Non agire come me, Lily. Credi che Ryle ti ami, e sono sicura che sia così, ma non ti ama nel modo giusto. Non ti ama nel modo in cui meriti di essere amata. Se ti amasse veramente, non ti permetterebbe di tornare da lui. Deciderebbe di lasciarti per essere certo di non poterti più fare del male. E’ questo il tipo di amore che una donna merita. 
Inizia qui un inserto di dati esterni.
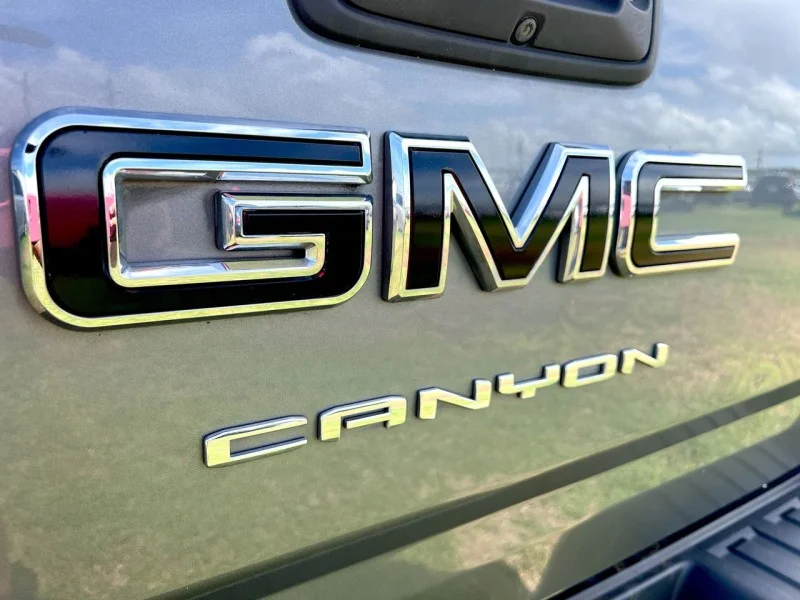 Used 2021 STEEL METALLIC GMC 2WD Elevation Standard image 11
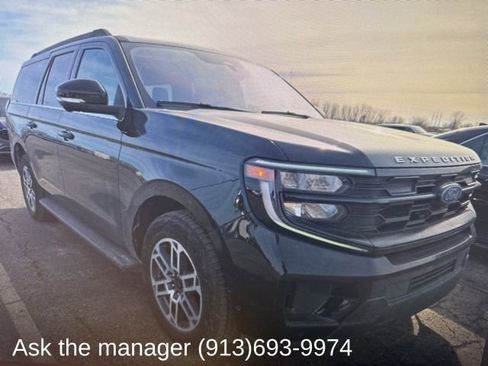 Used 2025 Ford Expedition Max Active image 1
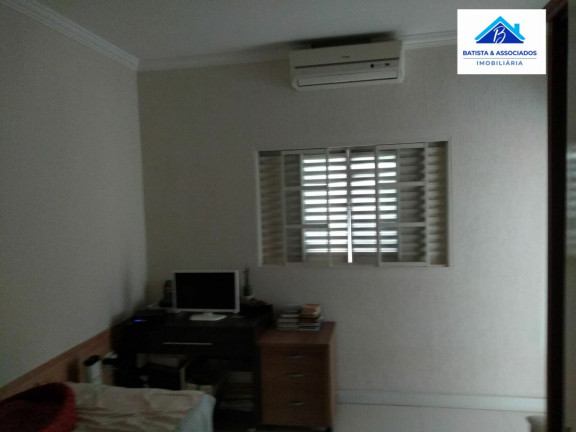 Imagem Casa com 3 Quartos à Venda, 260 m² em Vila Joaquim Inácio - Campinas Imagem Casa com 3 Quartos à Venda, 260 m² em Vila Joaquim Inácio - Campinas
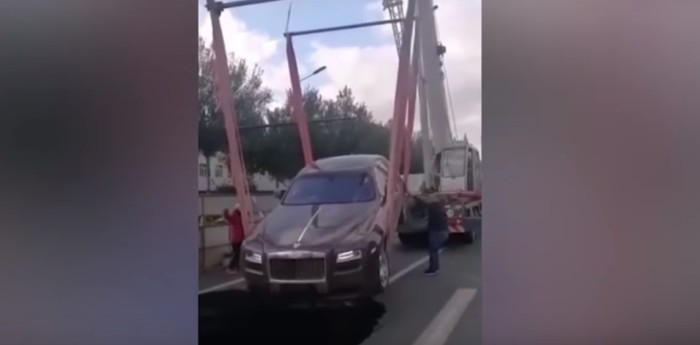 Un Roll Roys cayó a un agujero de la calle en China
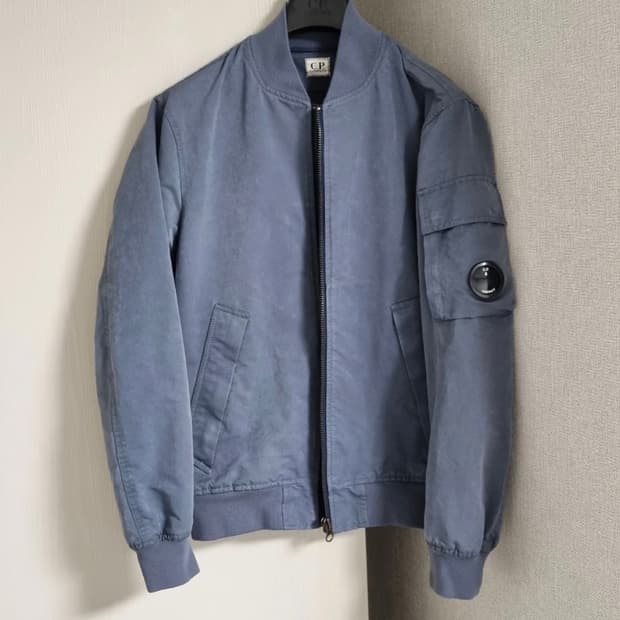 cp컴퍼니 항공점퍼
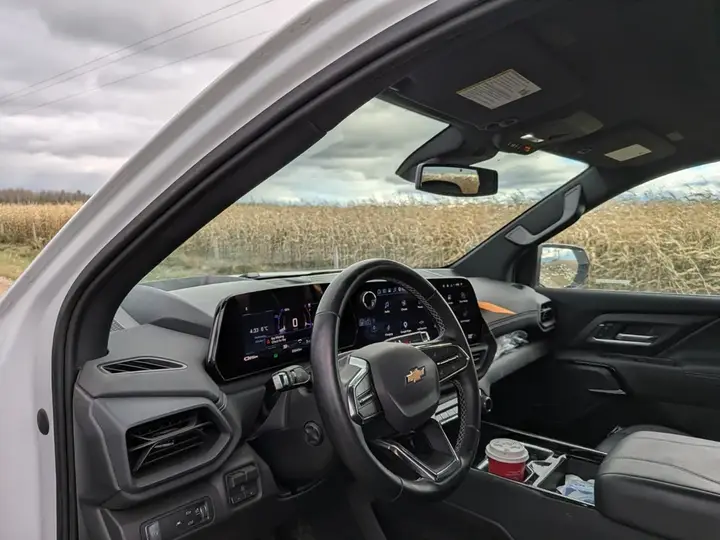 Chevrolet Silverado 2026 photo 4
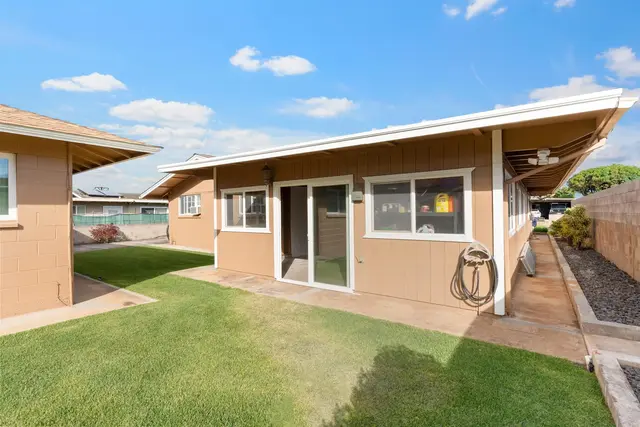 Listing Image for 222 W Hawaii St 26 of 37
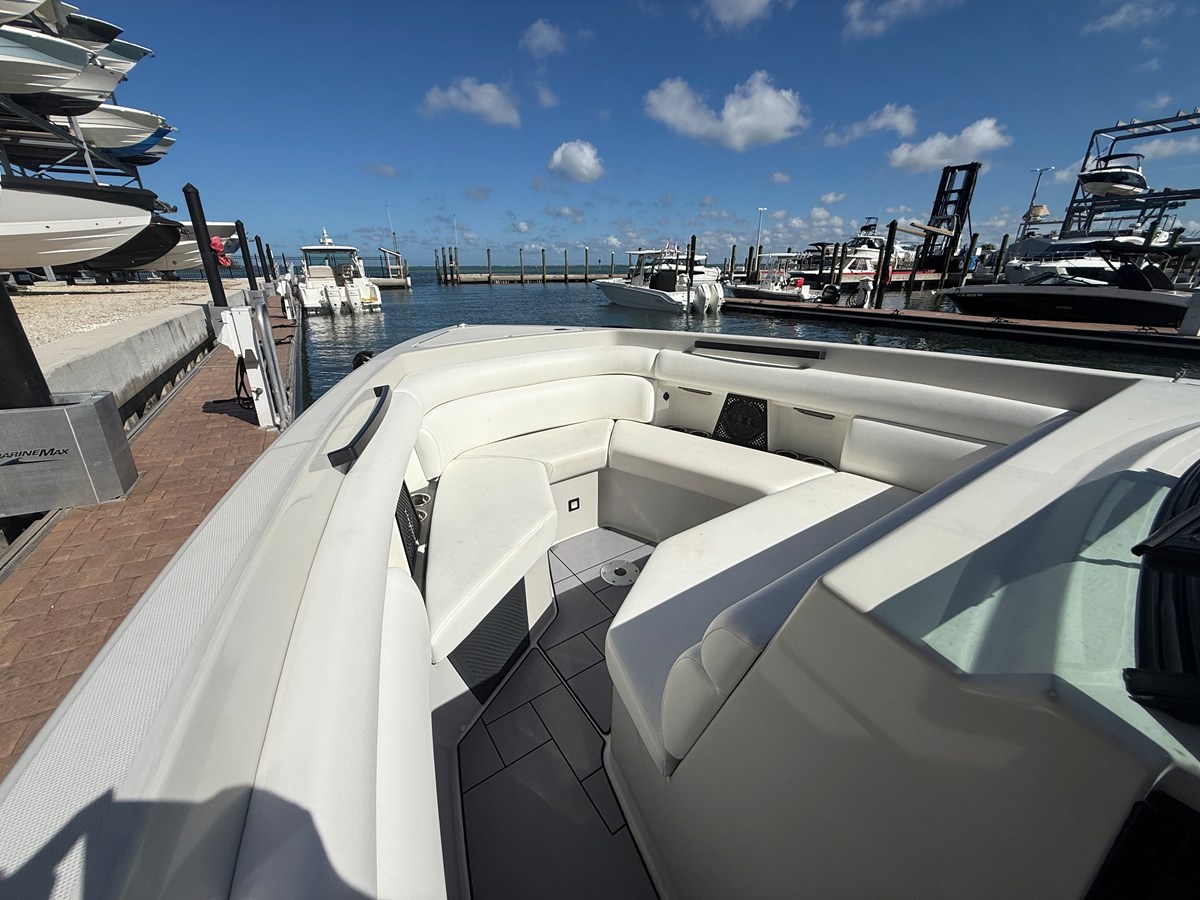 Aviara AV36 Outboard — 2023 Aviara AV36 Outboard — fotoğraf 4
Uno degli aspetti che più ho apprezzato di It ends with us è il rispetto con il quale si riferisce alle donne vittime di violenze, che nella quotidianità vengono spesso ingiustamente colpevolizzate. Il libro insegna che perdonare o denunciare, ricominciare o lasciare, non costituiscono dei criteri per distinguere una donna fragile da una coraggiosa e lo fa proprio attraverso la voce della protagonista: 

Le persone che non vivono situazioni come queste si chiedono spesso perché la donna torni dal suo aguzzino. Una volta ho letto da qualche parte che l’ottantacinque per cento delle vittime ha questa tendenza. E’ stato prima che mi rendessi conto di essere una di loro e, quando ho sentito questo dato, ho concluso che erano tutte stupide e deboli. Avevo pensato le stesse cose di mia madre in più d’un occasione. Ma a volte la ragione per cui le donne tornano indietro è semplicemente che sono innamorate. Vorrei che fosse facile cancellare i sentimenti per la persona che mi ha fatto del male, come credevo. Impedire al proprio cuore di perdonare chi si ama è molto più difficile che perdonarlo e basta. Ora sono un numero. Le cose che pensavo delle donne come me sono ormai quelle che gli altri penserebbero di me se conoscessero la mia situazione attuale. Come può amarlo dopo quello che le ha fatto? Come può pensare di riaccoglierlo? E’ triste che questi siano i primi pensieri a passarci per la mente quando qualcuno è vittima di violenza. Non dovremmo essere più disgustati dagli aguzzini che da coloro che continuano ad amarli?